March in Babushka 1944

The winter green against the barely-there etching of the face brings out a light delicacy unseen in his bolder colour field focused portraits that emerged later on.

Two Figures

As we enter the latter end of his career the figures become more languid and indifferent in their confrontation to the viewer. His focus begins to lean more into the harmony of colour and composition, as opposed to detail and form.

Blue Sea, Red Sky

We’re in cape cod here where he spent the summer with Rothko and Gottlieb. The reduced human form and simplified flattened planes of colour bring us to the hallmark of his visual practice. We start to lose the figurative presence completely as his confidence and finesse in abstraction progresses.

Dune Brushes

This piece reminds me of the topographical landscape practices we see from Helen Frankenthaler.

Beach Blankets

The warmth in these works highlight a final shift in dialogue from where he once marvelled on the figuration of Matisse and Lautrec, here he is absorbing the younger style of the incoming abstract expressionists.

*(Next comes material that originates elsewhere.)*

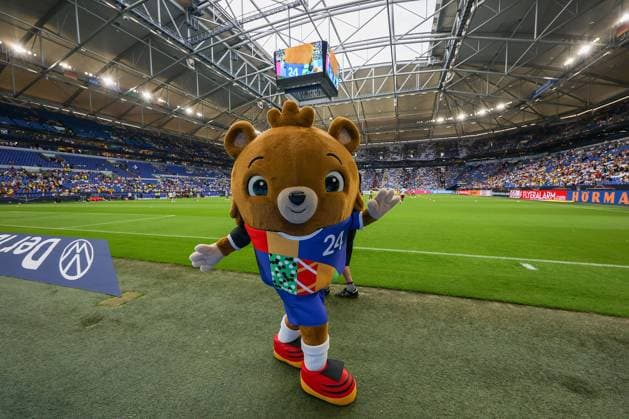Sport Bilder des Tages Veltins-Arena in Gelsenkirchen am 20.Juni 2023, Fussball Länderspiel Deutschland - Kolumbien v.l., Das EM 2024 Maskotchen, Logo Deutscher Fussball Bund. EM-Maskottchen vorgestellt UEFA präsentiert Bär mit Hose. Die UEFA hat das Maskottchen für die EM 2024 in Deutschland vorgestellt. Das Maskottchen zollt dem beliebten Teddybären, der mutmaßlich Anfang des 20. Jahrhunderts das Licht der Welt in Deutschland erblickte, Tribut (DFL REGULATIONS PROHIBIT ANY USE OF PHOTOGRAPHS AS IMAGE SEQUENCES AND OR QUASI-VIDEO) Copyright: JoaquimxFerreira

Such strength in dialogue through the configuration of colour and shape is what framed this exhibit to truly so captivating.

As the poet Kelly Grovier suggests in a feature for the RA magazine,

“If you want to hear Avery … listen closely to the canvases themselves – to the exquisite colloquies they strike, deliberately or subconsciously, with everyone from Ernest Lawson to Toulouse-Lautrec, Henri Matisse to Mark Rothko.”